Civic Register
| 8.3.20
House Spending Package Preserves Protection for State Marijuana Programs - Do You Agree?
Do you agree with preventing the use of DOJ funds to interfere with state marijuana programs?
What’s the story?
- Before the House of Representatives completed its consideration of the $1.3 trillion “minibus” spending package last week, it adopted an amendment that would prohibit the Dept. of Justice from using law enforcement grants to interfere with medical and/or recreational marijuana programs administered by states, tribes, and territories.
- The inclusion of the amendment in the funding package (which ultimately passed on a party-line 217-197 vote on Friday) comes as the debate over marijuana policy emerges as part of coronavirus relief negotiations.
What’s the amendment?
- Introduced by Rep. Earl Blumenauer (D-OR), the amendment would prohibit the use of federal law enforcement grant funding from being used to interfere with the marijuana programs of states that have legalized the substance for medical or recreational use.
- A similar amendment was adopted for the spending package that is funding the federal government’s operations in the current fiscal year, so if Blumenauer’s amendment is enacted it would continue that policy for FY2021.
- The amendment was adopted on a 254-163 vote that involved a degree of bipartisanship ― 222 Democrats were joined by 31 Republicans and the House’s lone Libertarian, Rep. Justin Amash (L-MI), in supporting the amendment while 157 Republicans & six Democrats were opposed.

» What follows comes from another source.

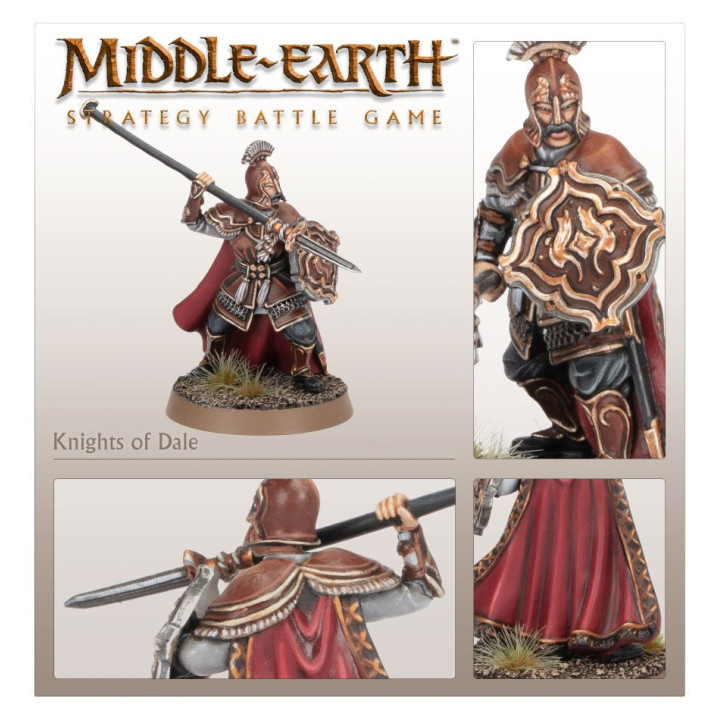 THE HOBBIT - BIEN - Knights of Dale™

What else is Congress doing about marijuana?
- In September 2019, the House passed the SAFE Banking Act on a bipartisan 321-103 vote. The bill would allow marijuana-related businesses (in states where their industry is legal) to access the banking system, as federal law currently considers marijuana-related banking to be money laundering.
- The SAFE Banking Act was later included in House Democrats’ HEROES Act, a $3 trillion coronavirus relief package that passed the House on a party-line vote but has languished in the Senate amid ongoing bipartisan negotiations about coronavirus relief.

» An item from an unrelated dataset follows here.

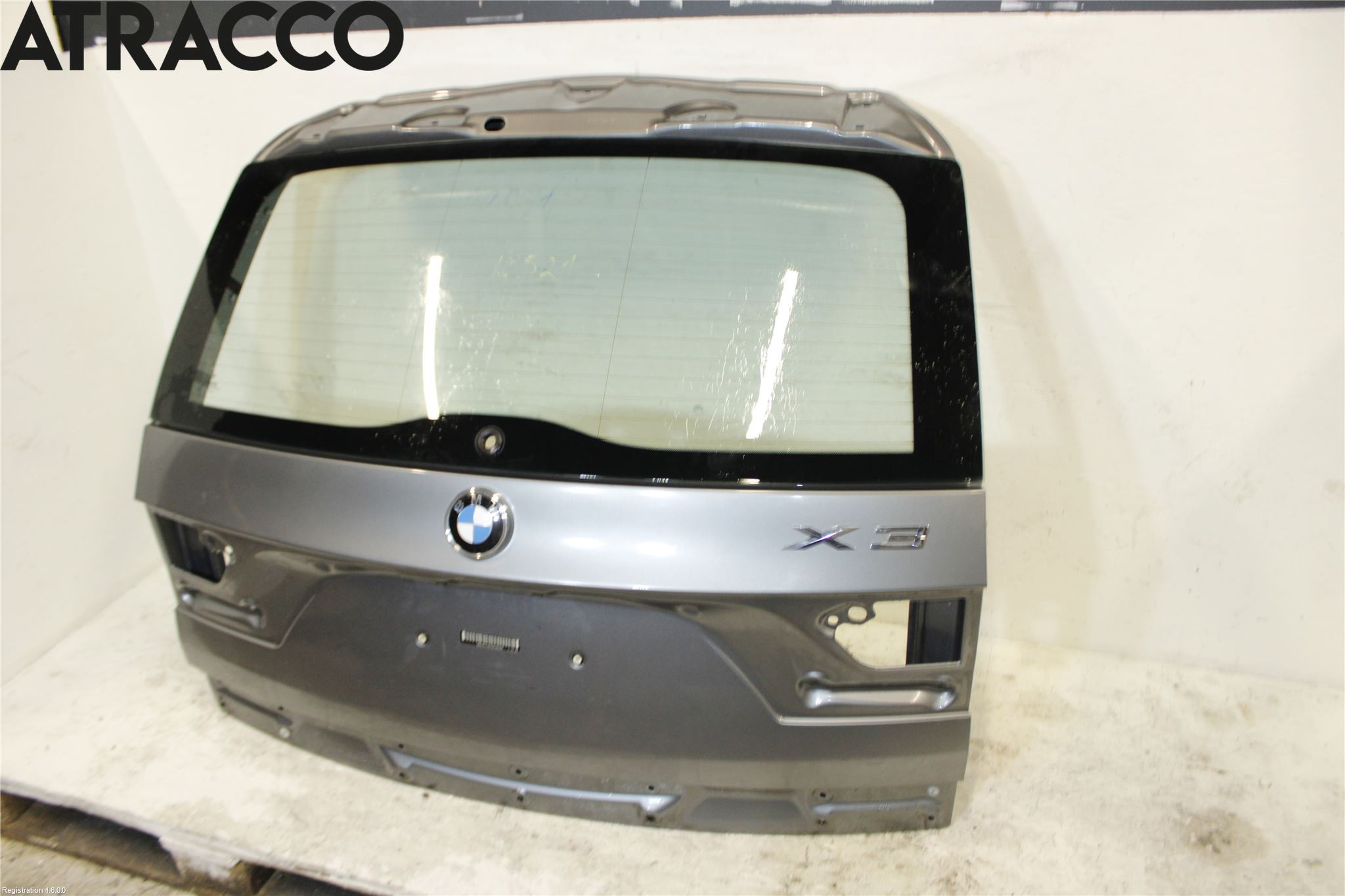BMW X3 E83     03-10 Baklucka Cc-Kombi-Sedan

- Also in the HEROES Act is a requirement that federal agencies report to Congress about barriers to marketplace entry for potential & existing minority-owned legitimate marijuana businesses.
- Senate Majority Leader Mitch McConnell (R-KY), who successfully fought for the inclusion of language in the 2018 Farm Bill easing federal restrictions on industrial hemp farming, said that marijuana studies should be excluded from the coronavirus relief package as non-germane:
“When we get to the end of the process I would hope all non-COVID measures are out -- no matter what bills they were in at the start.”
- When asked about McConnell’s comments at a Friday press conference, House Speaker Nancy Pelosi (D-CA) defended the inclusion of marijuana provisions in Democrats’ coronavirus relief package, saying she didn’t agree that “cannabis is not related to this” and that cannabis “is a therapy that has proven successful”.